C’est elle qui l’a dit dans la première phrase de notre discussion, elle veut « partager cette bulle-là ». Partir avant est effectivement un monde uni, enrobant, planant et assez sombre, chanté avec un je ne sais quoi de granuleux. On pense rapidement à Salomé Leclerc et à Peter Peter, maîtres de ce genre d’énergie. Valland, qui fait coïncider le début de son parcours artistique avec ses dix mois passés à l’École de la chanson de Granby, y raconte une rupture amoureuse difficile.

« Ce qui est fou, c’est que d’habitude, un premier album, c’est fait de chansons que tu traînes depuis six ans. Là, c’est pas ça pantoute, j’ai écrit l’album dans une période de deux mois. C’est fou comment les tounes arrivaient. Il fallait que je le fasse. Je dis toujours que c’est un dialogue qui ne s’est pas passé, c’était une coupure. J’avais plein de choses à dire. »

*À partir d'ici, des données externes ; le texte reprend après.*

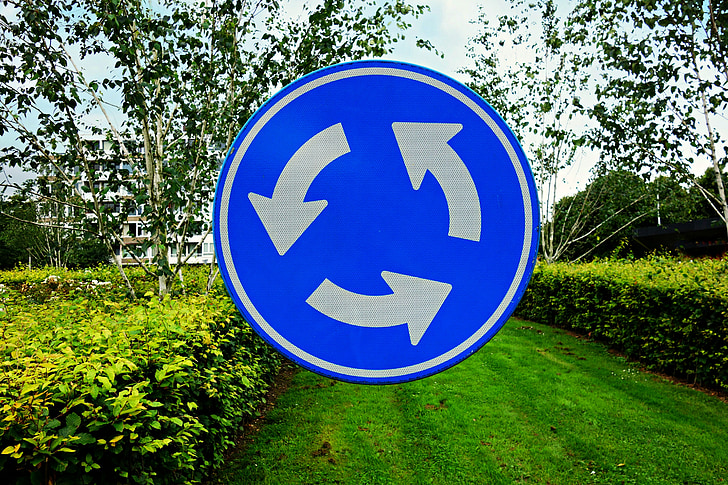 roundabout, traffic sign, arrow, round, direction, symbol, roundabout traffic sign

Jeune, Rosie Valland a d’abord appris le piano. Elle a d’ailleurs un long tatouage de clavier sur l’avant-bras droit. Mais pour la création, elle a préféré délaisser son instrument de prédilection pour la guitare. « Au piano j’étais vraiment dans les patterns très classiques, toujours en train de rationaliser. Mais à la guitare, je pouvais juste me laisser guider par ce que j’entendais, ce que j’avais envie de faire et de dire, et de ne plus penser. J’habite dans un 2 et demi, alors mes chansons commencent là, et la seule affaire que je veux, c’est de remplir ma pièce, d’être bien là-dedans. »

Pour Partir avant, Valland a continué sa collaboration avec le multi-instrumentiste Jesse Mac Cormack, qui avait déjà participé à son minialbum lancé en 2014. « Avec le EP, ç’a été difficile avec lui parce que j’avais peur que ça lui ressemble trop. Là, je savais qu’il allait rien me “voler”, c’étaient mes tounes. Quand il arrivait avec une idée, je ne mettais pas le pied sur le frein. Go, on y va ! »

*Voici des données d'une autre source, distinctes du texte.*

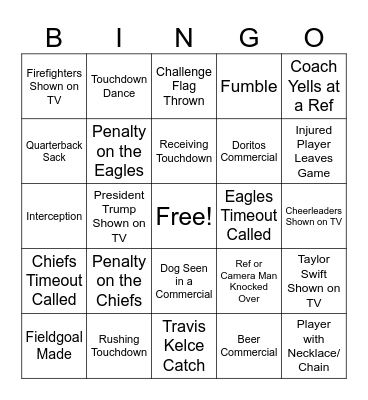 Superbowl 2025 Bingo Card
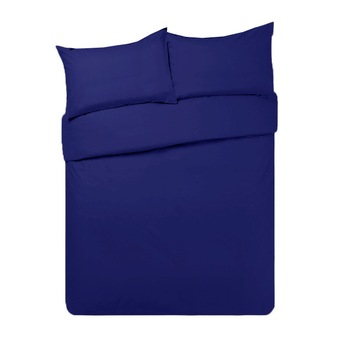 Set lenjerie 3 piese, Metru Patrat, de culoare bleumarin, albastru marin uni, format din husa pentru pilota 120/200 si 2 fete de perna 50/70 Set lenjerie 3 piese, Metru Patrat, de culoare bleumarin, albastru marin uni, format din husa pentru pilota 120/200 si 2 fete de perna 50/70
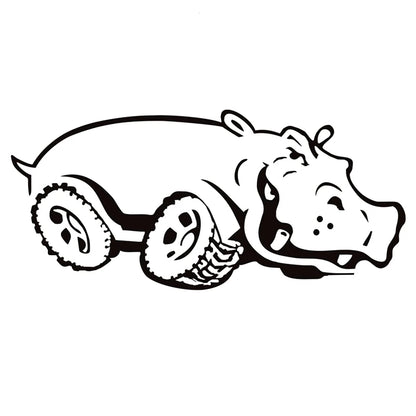 CK20398 25x12cm Hippo On Wheels die-cut Vinyl Decal Sticker
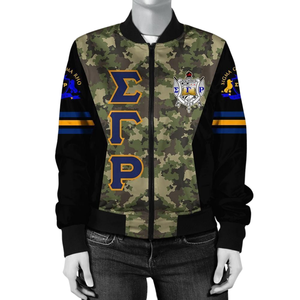 Chaqueta Universitaria de Satén SGRho Sigma Gamma Rho 1922 Azul Real Dorado Griego para Mujer - Product Image 1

Le cocon du disque se poursuit sur scène pour Valland, qui a décidé de proposer une formule où elle ne parle pratiquement pas, et où le public plonge avec elle pour n’en ressortir qu’une fois le spectacle terminé. « C’est ce qui me fait triper dans la vie quand je vais voir des shows, dit la chanteuse. Des fois, je trouve ça dur à respecter, parce qu’on n’est pas encore habitués au Québec à ça. Les gens peuvent me dire “parle-nous !”, mais non, pas parce que je ne veux pas, pas parce que je suis snob, mais c’est parce que je veux proposer une bulle. Et quand je réussis, je trouve que le spectacle est encore plus fort. Je suis tellement au début, que si je commence à faire des compromis là-dessus maintenant, je vais me faire pogner dans un coin. »

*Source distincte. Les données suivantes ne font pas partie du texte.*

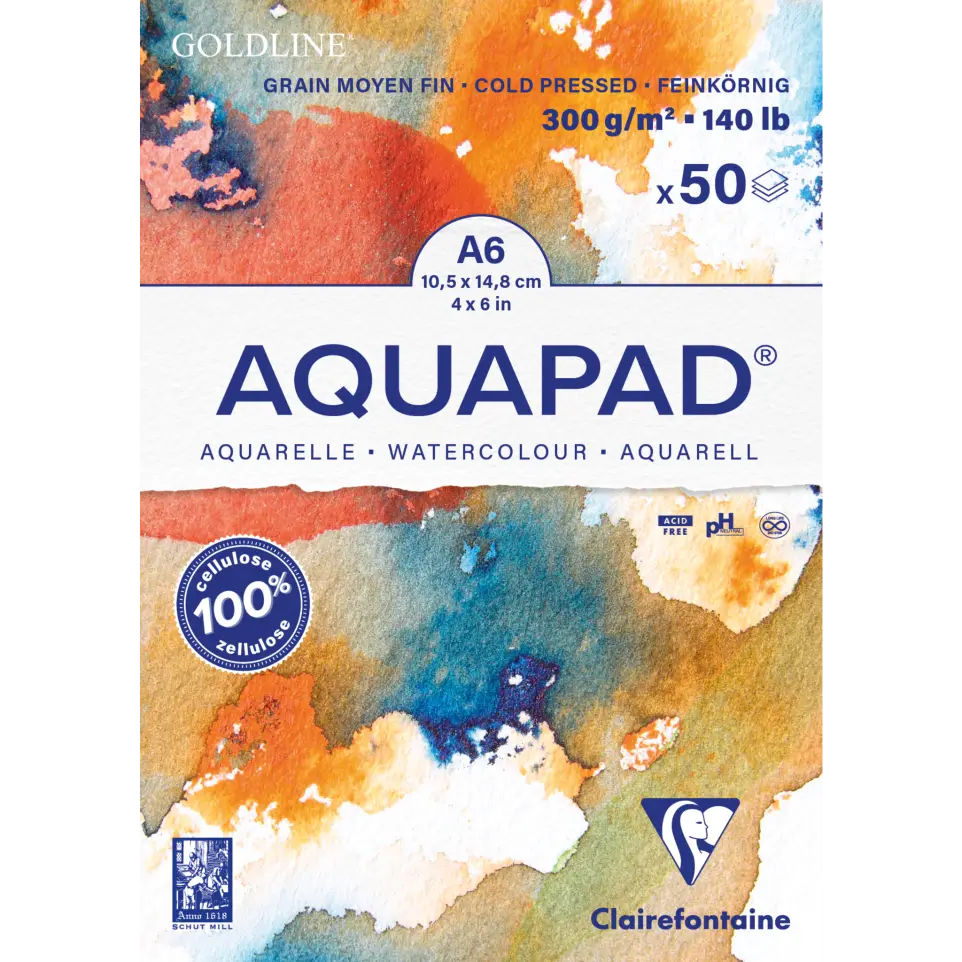 CLAIREFONTAINE GOLDLINE AQUAPAD A6 300G 50 ARK. 100% CELULOZA COLD PRESSED- ŚREDNIOZIARNISTY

Rosie Valland raconte, un peu amusée, que son public est surtout masculin. « En live, on n’est pas dans la dentelle, et c’est plus des métalleux qui viennent me voir ! On en rit souvent, je trouve ça cool, ça m’étonne, mais finalement, quand tu y penses, y a quelque chose de très musical, et je suis pas là pour m’excuser, c’est pas naïf. » Amour anarchie, comme disait l’autre.

Les gens peuvent me dire “parle-nous !”, mais non, pas parce que je ne veux pas, pas parce que je suis snob, mais c’est parce que je veux proposer une bulle. Et quand je réussis, je trouve que le spectacle est encore plus fort.

Partir avant

Rosie Valland Duprince, au Lion d’Or, ce soir, 20 h.